▸ **PROBLEM DESCRIPTION**: A faithful copy of every entry is the goal; keep the images out of it.

▸ **DATASET RECORDS**:

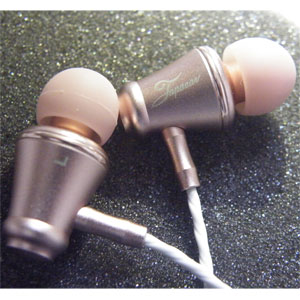 Sound-Isolating Type - ジャパイヤー ダイナミック密閉カナル型イヤホン（シャンパンピンク） JE-111-SP JAPAEAR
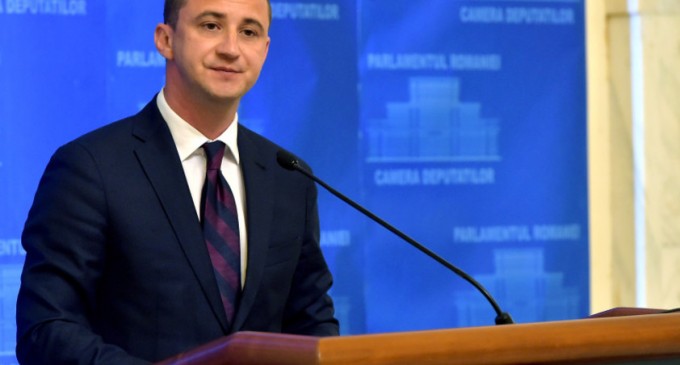 Simonis: Conducerea PSD a decis să nu se mai dezbată moţiunea de cenzură în Parlament înainte de o hotărâre a CCR – Politic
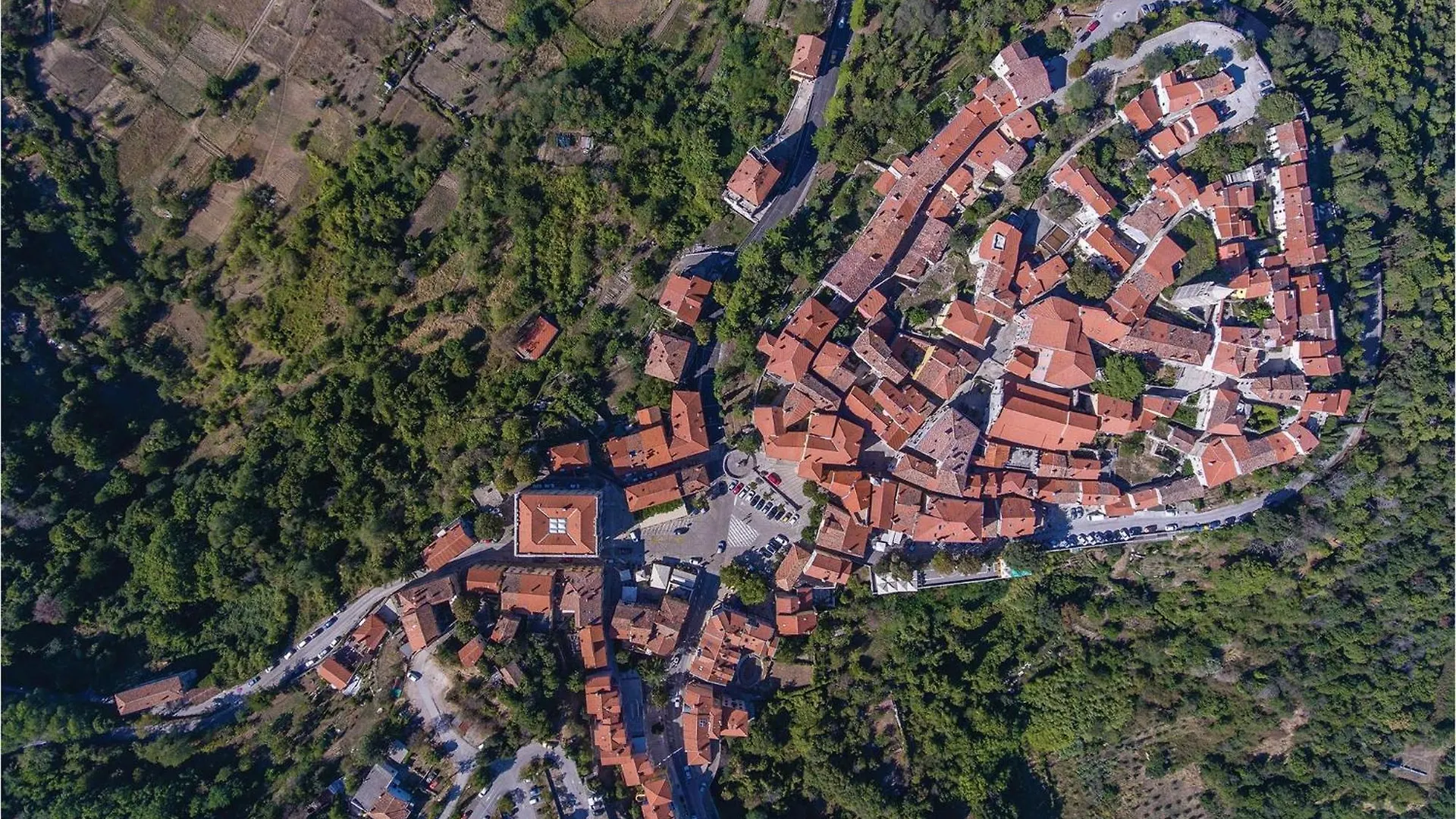 4 Bedroom Cozy Home In Cere Santalezi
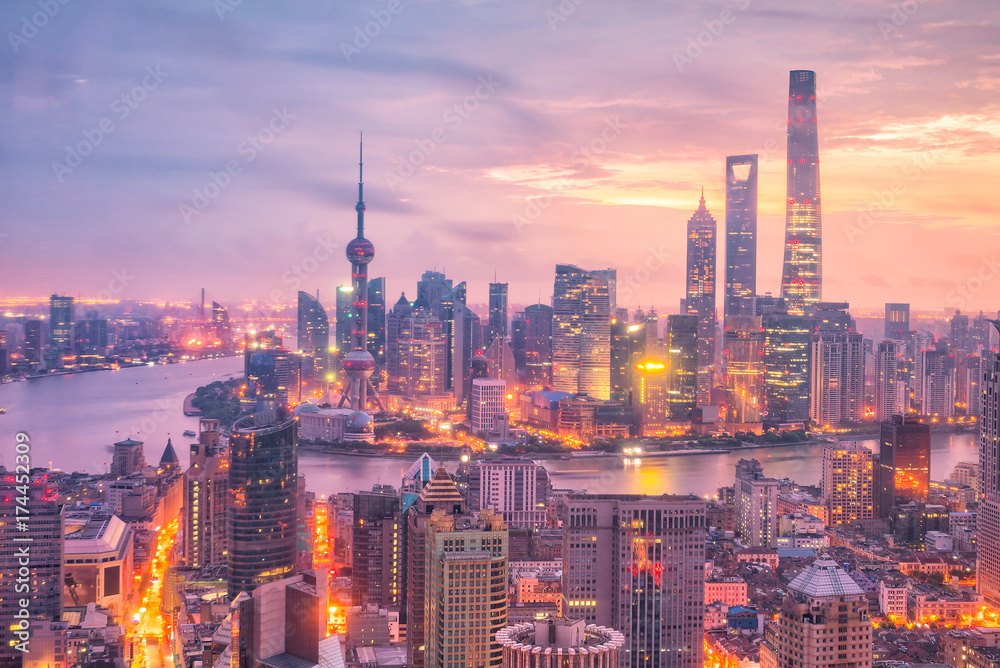 Naklejka premium Widok na panoramę centrum Szanghaju o zmierzchu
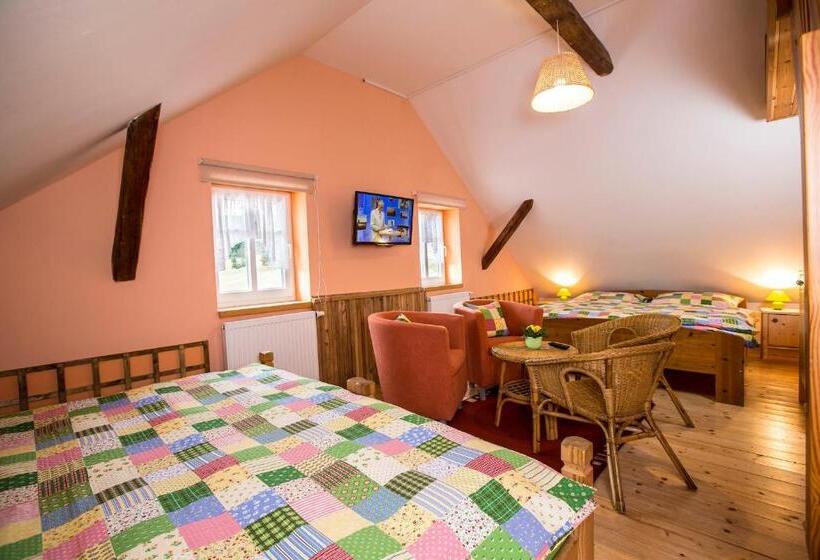 غرفة عائلية, Penzion A+a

▸ **SOLUTION**:
 Sound-Isolating Type - ジャパイヤー ダイナミック密閉カナル型イヤホン（シャンパンピンク） JE-111-SP JAPAEAR
 Simonis: Conducerea PSD a decis să nu se mai dezbată moţiunea de cenzură în Parlament înainte de o hotărâre a CCR – Politic
 4 Bedroom Cozy Home In Cere Santalezi
 Naklejka premium Widok na panoramę centrum Szanghaju o zmierzchu
 غرفة عائلية, Penzion A+a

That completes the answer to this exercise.